** Opening DATA TO PROCESS block **

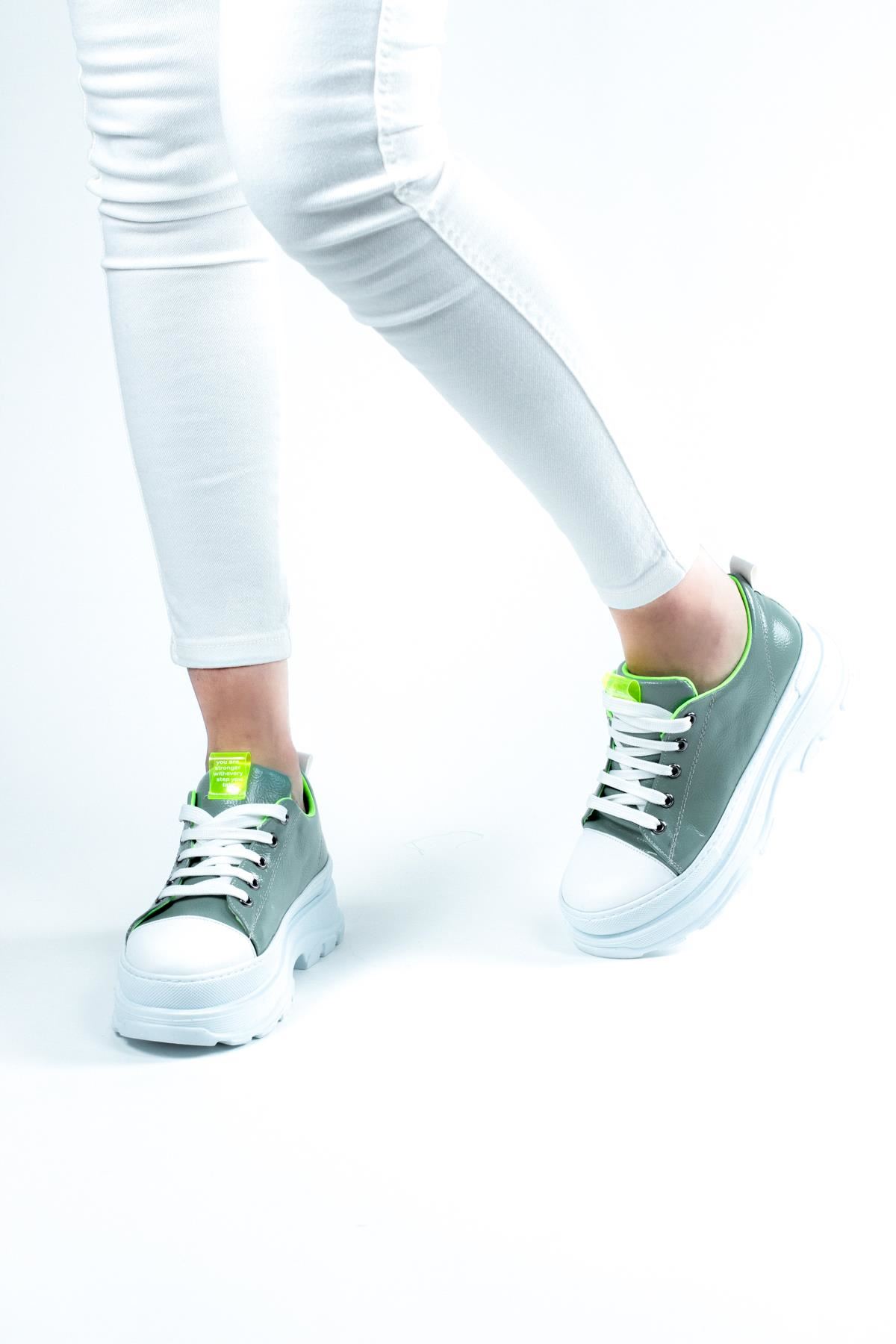 Citrus Neon Detaylı Kalın Taban Kadın Sneaker Yeşil Kırışık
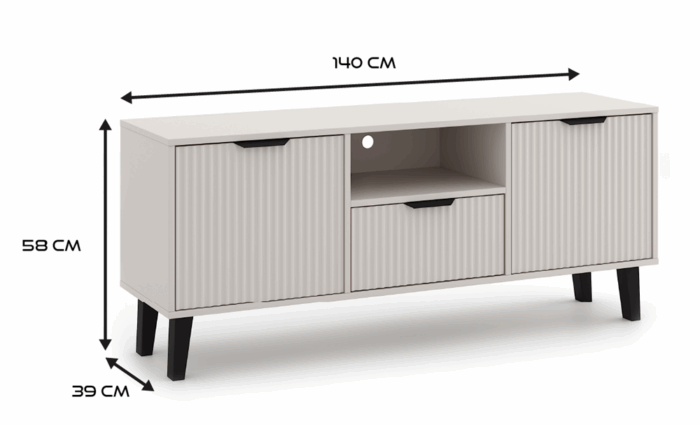 TV Unit Bergen 2 Doors 1 Drawer Slim Cashmere Beige - Image 3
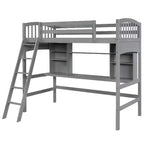 Lit mezzanine double moderne avec bureau, étagères de rangement et échelle réglable
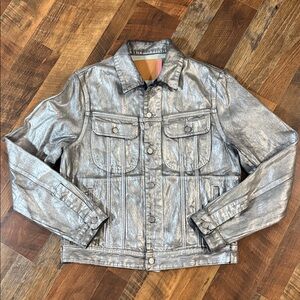 ✨ Acne Studios Tent Silver Coated Denim Jacket Size 38 Metallic Made in Italy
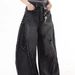 Unisex American Retro Deconstructed Workwear Jeans Patchwork Ripped Fashion Design mid Waist Straight Pants Blue Long Trousers_mkmklike.com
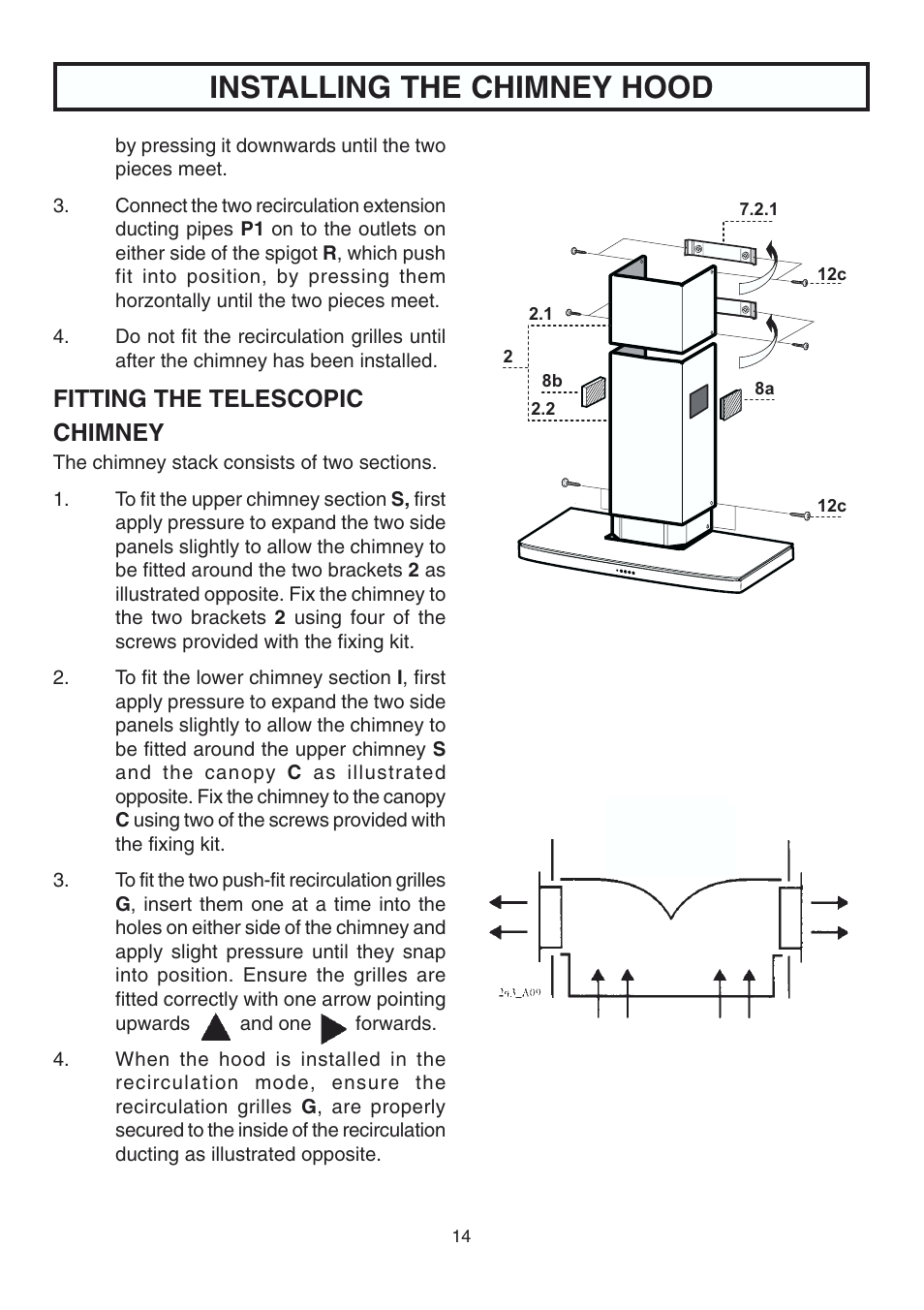 Installing the chimney hood, Fitting the telescopic chimney | Rangemaster ELTSHDC110SG User Manual | Page 15 / 16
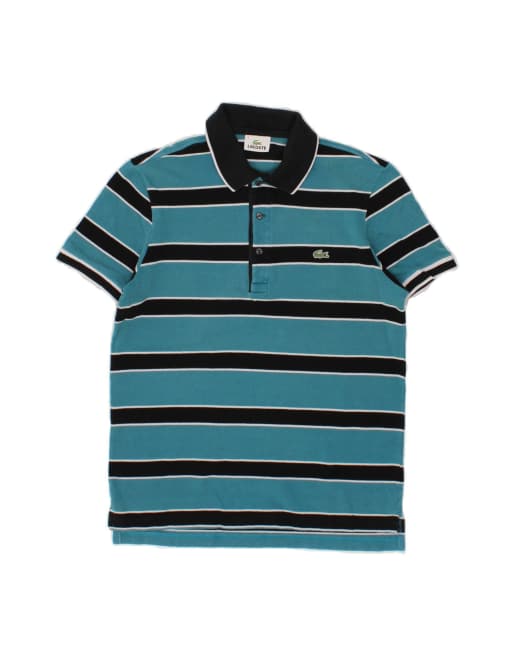 Vintage Lacoste Polo Shirt Size 3 Small In Blue Striped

** Closing DATA TO PROCESS block **

◆ TRY IT: The required output is each line above restated verbatim, with all images omitted.

◆ REPLY TO THE EXERCISE:
 Citrus Neon Detaylı Kalın Taban Kadın Sneaker Yeşil Kırışık
 TV Unit Bergen 2 Doors 1 Drawer Slim Cashmere Beige - Image 3
 Lit mezzanine double moderne avec bureau, étagères de rangement et échelle réglable
 ✨ Acne Studios Tent Silver Coated Denim Jacket Size 38 Metallic Made in Italy
 Unisex American Retro Deconstructed Workwear Jeans Patchwork Ripped Fashion Design mid Waist Straight Pants Blue Long Trousers_mkmklike.com
 Installing the chimney hood, Fitting the telescopic chimney | Rangemaster ELTSHDC110SG User Manual | Page 15 / 16
 Vintage Lacoste Polo Shirt Size 3 Small In Blue Striped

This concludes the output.